Welcome to Old School Month on Eternal Central. We’re looking at a different Old School 93-94 deck each day of the month. Today’s deck is Naya Bazaar Zoo, named for playing an aggressive “Zoo” deck (with lots of creatures), in the Naya (Red-White-Green) colors, and utilizing Bazaar of Baghdad (more on that later).
This is a deck that seeks to be as low to the ground as reasonably possible, in order to get under countermagic, and to play a threat on the first or second turn, and then follow it up with removal and more threats until the opponent is dead, as fast as possible. The idea behind this when I originally constructed it was to abandon Erhnam Djinn and nearly every other card in Zoo decks above three mana, to play fewer mana sources, and create more room for removal and burn spells. This puts a stress test on opponents, to see if they can keep up with the speed and tenacity of a very quick and aggressive strategy, and this color combination provides the best mix of cheap pin-point removal.

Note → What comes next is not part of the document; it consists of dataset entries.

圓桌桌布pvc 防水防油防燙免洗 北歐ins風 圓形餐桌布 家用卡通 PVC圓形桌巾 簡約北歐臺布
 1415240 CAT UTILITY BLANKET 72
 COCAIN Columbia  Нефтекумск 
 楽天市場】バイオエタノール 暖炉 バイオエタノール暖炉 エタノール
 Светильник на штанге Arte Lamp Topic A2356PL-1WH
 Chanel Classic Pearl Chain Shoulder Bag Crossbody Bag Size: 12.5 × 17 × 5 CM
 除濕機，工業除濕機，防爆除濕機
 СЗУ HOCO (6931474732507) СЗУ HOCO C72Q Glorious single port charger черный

Here are a couple of versions I have played over the past year at various events and local get-togethers.
— Jaco (@JMJACO) December 4, 2016
— Jaco (@JMJACO) January 30, 2017
Constructing Naya Bazaar Zoo
With any Zoo deck, you’ll want a mix of creatures, removal, burn spells, mana, and that’s mainly it. How many creatures vs. removal spells you play is up to you. Unlike most Zoo decks though, this one has a fairly robust (but compact) draw engine. Here is the latest version from the lab:
If the goal with a stress-testing aggressive deck is to reliably hit a first and/or second turn threat, it follows that we’d like to play as many of these as we can, while also playing the best creatures available at those mana costs. Kird Ape is the most efficient one-drop available in 93-94, and Savannah Lions is the second best, so this naturally puts us in to the Red-White-Green color combination.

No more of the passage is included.